U.S., French leaders pledge expanded counter-terrorism in North Africa

U.S., French leaders pledge expanded counter-terrorism in North Africa
# 26 January 2013 03:29 (UTC +04:00)

Baku-APA. U.S. President Barack Obama and his French counterpart Francois Hollande pledged on Friday to expand efforts in fighting terrorism in North Africa, APA reports quoting AP.

In their phone conversation, the two leaders discussed shared security concerns including Mali, Algeria, Libya and Syria, the White House said.

"President Obama and President Hollande condemned last week's terrorist act in Algeria and affirmed their mutual commitment to countering terrorism more broadly in North Africa," the White House said in a statement.

Al-Qaida-affiliated militants raided a gas complex near In Amenas in eastern Algeria on Jan. 16 and took hostage hundreds of Algerian and foreign workers to avenge Algeria's support for French involvement in the conflict in neighboring Mali.

The Algerian troops launched a three-day rescue operation starting the next day.

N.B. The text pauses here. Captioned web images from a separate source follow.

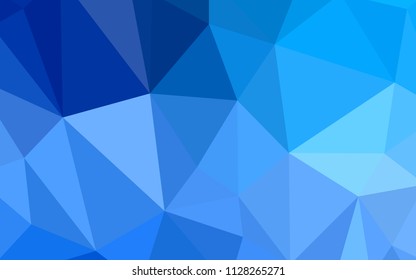 Light BLUE vector abstract mosaic pattern. Glitter abstract illustration with an elegant triangles. A new texture for your web site.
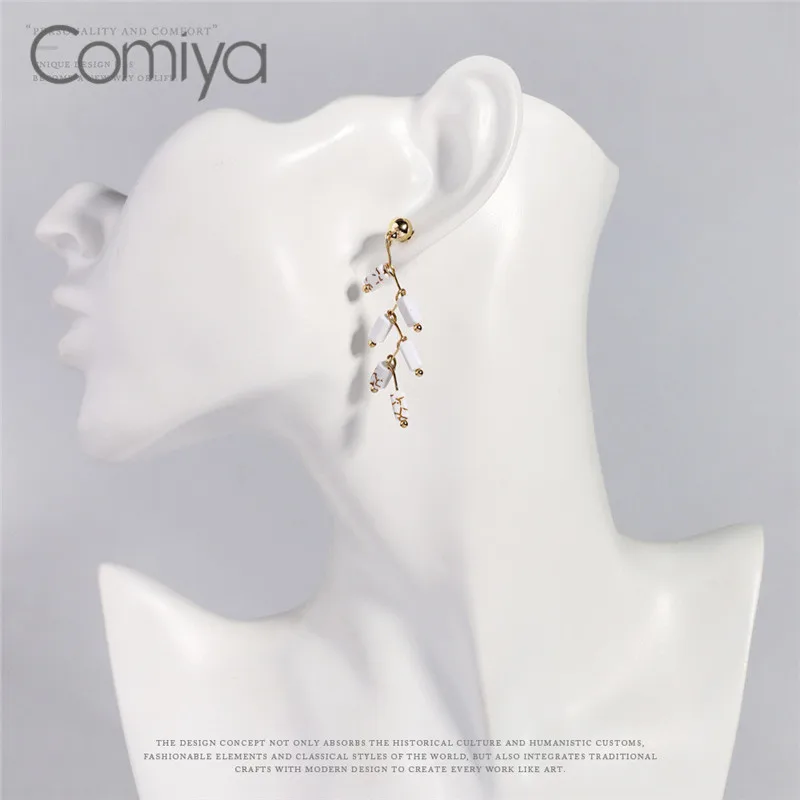 Серьги-подвески Comiya длинные серьги золотистого цвета цинковый сплав цветок
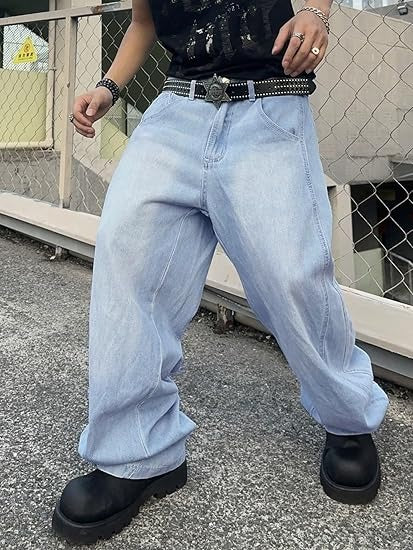 Men’s Irregular Stitch Baggy Denim Pants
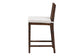 bali & pari Sofia Rattan Counter Stool with Mahogany Wood Frame - Handwoven Wicker Counter Height Chair with Cushion, Coastal Boho Style Kitchen Island Seating, Antique Coffee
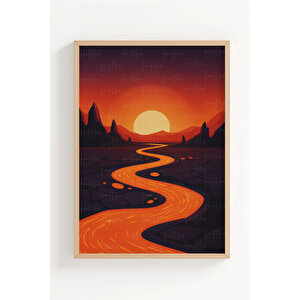 Volkan Ve Lav Manzaralı 3’lü Modern Ahşap Çerçeveli Tablo Seti - Çalışma Odası Dekoru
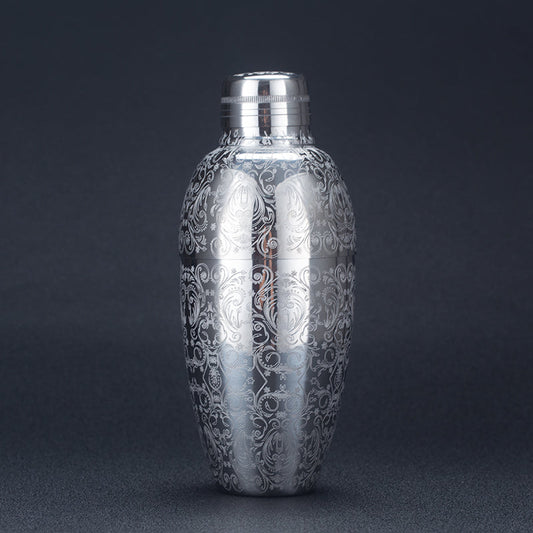 Shaker à cocktail en acier inoxydable avec design gravé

According to Algerian officials, a total of 37 hostages, including a French citizen, were killed during the operation and seven others are still missing.

On Mali, Obama expressed his support for France's involvement in combating al-Qaida-affiliated militants and extremists running the northern part of the West Africa nation.

"The two leaders emphasized the need to rapidly establish the African-led International Support Mission in Mali," the White House said.

The Obama administration sent some 100 military trainers last week to Niger, Nigeria, Burkina Faso, Senegal, Togo and Ghana -- the nations that are poised to send their troops to Mali.

The U.S. military has begun airlifting French troops and equipment into Mali, as Washington is pushing as well for the restoration of a civilian government in the African nation following a coup in March last year.

On Libya, Obama and Hollande noted the importance of "sustained assistance" to the country as it is working to build effective security sector institutions.

They voiced "strong concern" about the humanitarian crisis affecting not just Syria but also neighboring countries, pledging anew to help achieve a political transition in the Arab country in the absence of President Bashar al-Assad, the White House said.